Peu m’importe la mauvaise réputation, je ne porterai pas le deuil de la reine Elizabeth, à l’inverse du service public de l’audiovisuel (télévision et radio, dans un même élan) qui s’est vautré dans l’information ‘’people’’.

Le journal de France 2 a battu tous les records en proposant une édition spéciale d’une longueur insensée. Mais en oubliant de parler de tout ce qui fait de la monarchie une réalité insupportable, surannée et dépassée.

Elizabeth est une de ces souveraines sans pouvoir réel dans une démocratie parlementaire et la longévité de son règne (sur quoi et sur qui ?) ne justifie en rien la place démesurée accordée à sa mort dans la presse française.

On a pu entendre qu’Elizabeth avait fait entrer la modernité dans son règne et qu’elle avait été au service de son pays en sacrifiant sa vie de famille. En oubliant de rappeler qu’elle avait fait la démonstration à la fois de son autoritarisme et de son esprit réactionnaire à plusieurs reprises (les amours de sa sœur Margaret, le divorce de la princesse Diana et le courage de son petit-fils Harry quittant la cour royale devenue étouffante pour lui et son épouse qui avait l’inconvénient de n’être née ni princesse, ni totalement blanche).

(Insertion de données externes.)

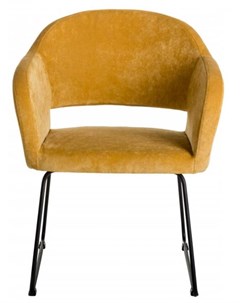 Кресло oscar желтый 60x77x59 см R-home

Les médias (et le service public en premier lieu) ont oublié de mentionner la fortune d’Elizabeth, actionnaire entre autres du gigantesque fonds d’investissement américain BlackRock. Aujourd’hui, on estime que le patrimoine royal, le Crown Estate, estimé à 23 milliards d’euros, en fait une famille parmi les plus riches du royaume, avec des immeubles à Londres, 11 000 hectares de forêts, des terres agricoles, etc. C’est sans doute cela qui est moderne ! Tant de richesse quand les inégalités n’ont jamais été aussi profondes dans le pays et les services publics mis à l’encan et désorganisés !

Les commentaires font également l’impasse sur le passé colonial du Royaume-Uni, ne disent rien du mutisme de la reine quand Margaret Thatcher refusa d’aider à mettre fin à l’apartheid en Afrique du Sud ou quand les forces britanniques commirent des actes sanglants en Irlande.

Pour brosser un portrait élogieux de la reine, le service public a fait une place de choix à un bonimenteur, royaliste assumé et ami du président de la République, au bagout exécrable, et même à Adélaïde de Clermont-Tonnerre, patronne de Point de vue, édité par Royalement Vôtre Editions (ça ne s’invente pas) société à laquelle est associée Artémis, la holding de la famille Pinault, autre empereur du luxe.

Que le service public d’une République fasse ainsi la promotion de la royauté est indécent. Même si le jeune président de notre République a estimé dans un délire dont il a le secret que « La démocratie comporte toujours une forme d’incomplétude, car elle ne se suffit pas à elle-même (…) Il y a dans le processus démocratique et dans son fonctionnement un absent. Dans la politique française, cet absent est la figure du roi, dont je pense fondamentalement que le peuple français n’a pas voulu la mort. La Terreur a creusé un vide émotionnel, imaginaire, collectif : le roi n’est plus là ! On a essayé ensuite de réinvestir ce vide, d’y placer d’autres figures : ce sont les moments napoléonien et gaulliste, notamment. Le reste du temps, la démocratie française ne remplit pas l’espace. »

Le peuple de France, contrairement à Macron, s’est très bien habitué à l’absence de la figure du roi ; le peuple britannique, lui, continuera de subir, hélas, la dure loi de l’ultralibéralisme de sa nouvelle première ministre, sans Elizabeth, dont le trône ne cachait même pas la fortune.

La Restauration ?  L’Ancien Régime ? Non, merci.